Нет. На означенной странице у меня идет речь лишь о стихийных дарованиях Духа, и стихийным духом, перерождающимся в свободный дух Христов, называется не Дух Божий (третье Лицо Святой Троицы), а дух Божии (действие Духа в человеке). Терминология моя находит оправдание в 1 Кор. XII—XXV, Гал. IV; Кол. II и Евр. V. 12.
§ 2. Отвергаю ли я, на стр. 132 третьего тома, действие Духа Божия во пророках, говоря, что «благодатное действие Св. Духа стало возможным вследствие нравственного подвига Христа, после Его прославления—воскресения из мертвых и отшествия к Отцу, и осуществляется чрез церковь, которая есть тело Христа»—вопреки, будто, тому, что «Дух Христов», по словам апостола (1 Петр. I, 11), присущ был ветхозаветным пророкам?
Я не отвергаю действия Св. Духа в ветхозаветных пророках.
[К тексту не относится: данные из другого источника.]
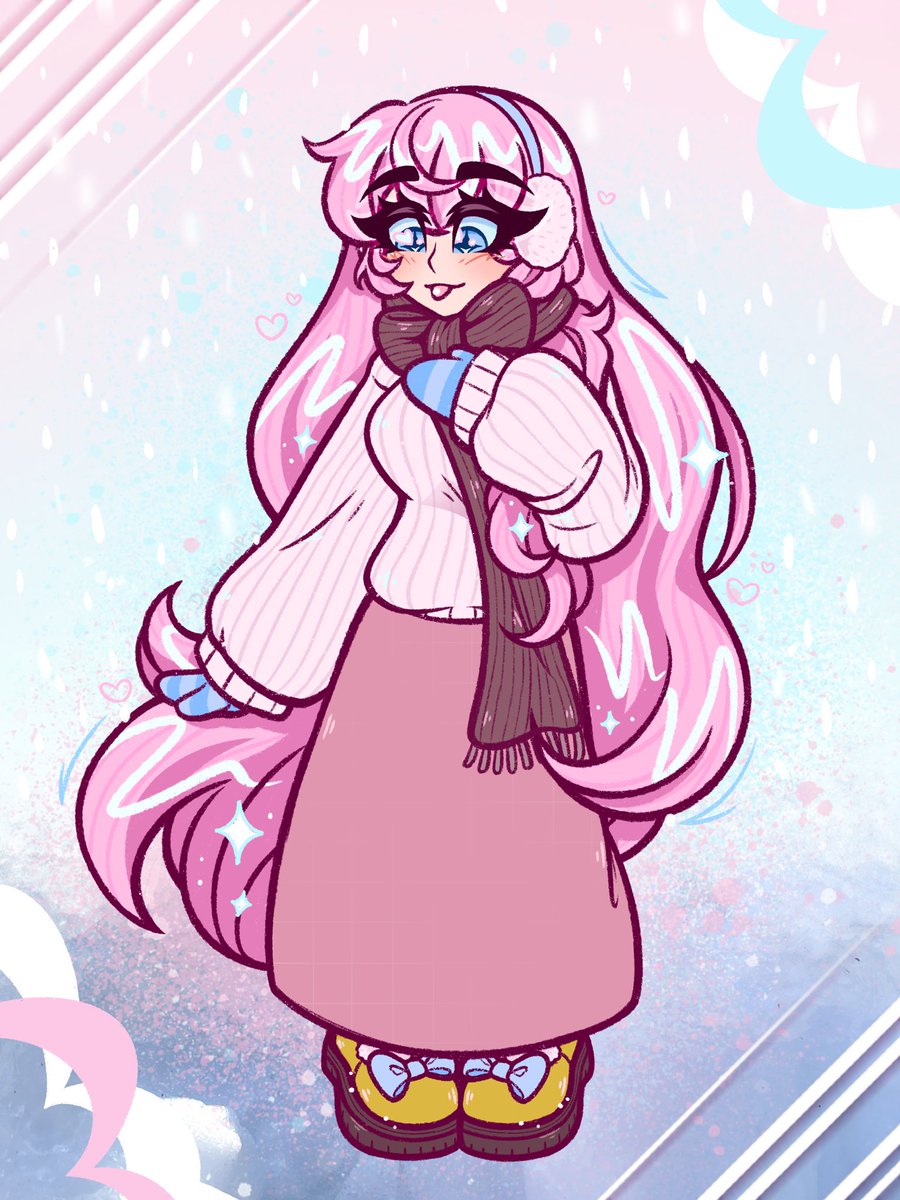 💕❄️ Luka hopes you’ve been staying warm #巡音ルカ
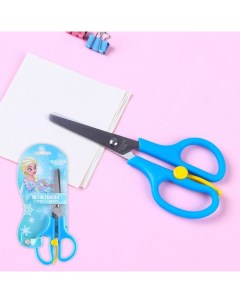 Ножницы детские 13 см безопасные пластиковые ручки с фиксатором Холодное сердце МИКС Nobrand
О важном значении ветхозаветного пророчества я говорю во II томе, стр. 81 след., где можно читать, что «пророчество выражает самую сущность религии Иеговы, как религии теистической — не стихийно-языческой, а разумно-человеческой, богочеловеческой». Но я полагаю различие между благодатно-церковным действием Св. Духа, с одной
250
стороны, и действием Св. Духа в творении мира и в промышлении о нем, действием Его в пророках и даже действием Его в земной жизни Христа—Иоан. VII, 89; XVI, 7. В частности, о различии пророческого и новозаветного откровения я пишу на стр. 158 т. I: «пророческое откровение было обращено исключительно к человеческому разуму, тогда как во Христе самая Его жизнь была богооткровением».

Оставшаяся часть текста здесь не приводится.